Вскрытие тела Друга народа произведено было гражданином Дешаном, главным хирургом госпиталя Милосердия, на другой же день после его смерти, 14 июля, в том же доме, где жил Марат, на первом этаже описанного нами выше здания на улице Кордельеров[323]. Бальзамирование было произведено немедленно. Но так как живописец Давид проектировал в античном духе программу похорон, на которых на передвижной эстраде должно было появиться голое, театрально задрапированное тело трибуна, то набальзамировали лишь нижнюю часть туловища и ноги; хирурги не прикасались к груди и лицу Марата, «так как их надлежало показать его согражданам». Но природа делала свое дело, и от этого плана пришлось отказаться. Стало невозможно даже заканчивать бальзамирование в квартире Марата — так быстро шло разложение. Препарирование сердца и внутренностей происходило ночью в саду Кордельеров, и вокруг хирургов жгли ароматические травы, бросавшие зыбкий свет на эту мрачную картину. Четыре ученика сняли труп с кровати, где он находился, и положили его в свинцовый гроб, не закрывая его. На другой день, 15 июля, останки Друга народа были перенесены в церковь. Пришлось отказаться от плана выставить его у дома, где совершилось убийство, в силу различных причин.
Дело происходило на заре; толпа, стоявшая у дома со вчерашнего дня, устала и разошлась, и улица почти совсем опустела.
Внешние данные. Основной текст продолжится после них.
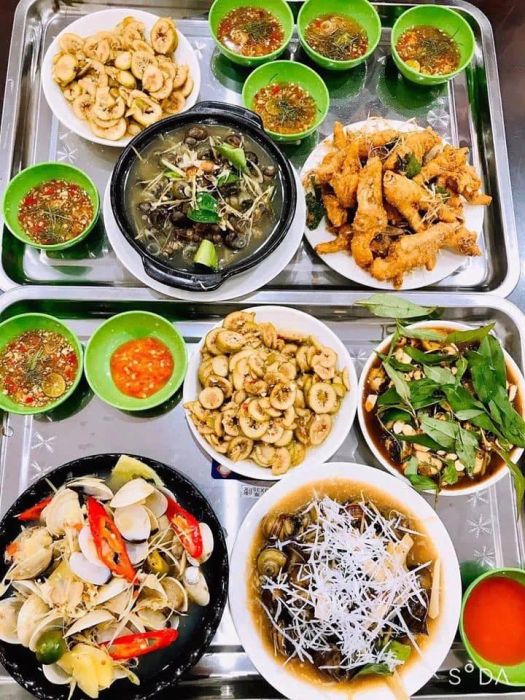Không gian ấm cúng và món ngon đặc trưng tại Ốc 88 Cơ Sở 02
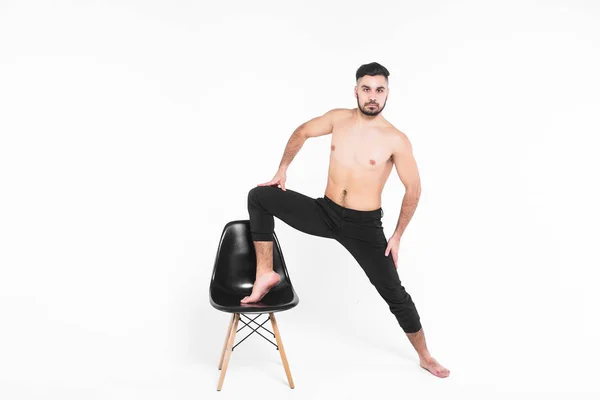 Schöner Mann Mit Perfektem Muskulösen Körper Isoliert Auf Weißem Hintergrund — Stockfoto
Под светлым небом, уже заалевшим от первых лучей восходящего солнца, шли ритмическим тяжелым шагом шесть человек — они переносили закрытое простыней тело к церкви монастыря. Для этого снова открыли двери портала на улице Обсерванс, закрытые в течение последних двух лет, — те самые двери, что были украшены статуей Людовика Святого в венце из гербовых лилий со скипетром правосудия в руке. Марата положили в одном из приделов на помосте из досок, в ожидании возведения алтаря, который сооружался специально для этой цели[324]. В это время Давид хлопотал об устройстве официальной церемонии. Он приказал выстроить на середине церкви эстраду высотой в сорок футов, украшенную трехцветными обоями. На этот алтарь положили тело, покрытое влажной простыней, которая должна была изображать мраморные складки античной тоги. Чтобы заглушить запах тления, вокруг катафалка неустанно жгли благовонные курения и поливали его духами. По одну сторону поставили ванну, по другую — положили окровавленную рубашку трибуна. Затем раскрыли двери. Толпа, в продолжение всего дня не перестававшая стекаться на это зрелище, с восхищением глядела на груды книг, сваленные в боковых приделах. Говорили, что это все произведения Марата, и восторгались плодовитостью его ума. А это были книги, перенесенные сюда из монастырской библиотеки в ожидании отправки их в какое-нибудь общественное книгохранилище.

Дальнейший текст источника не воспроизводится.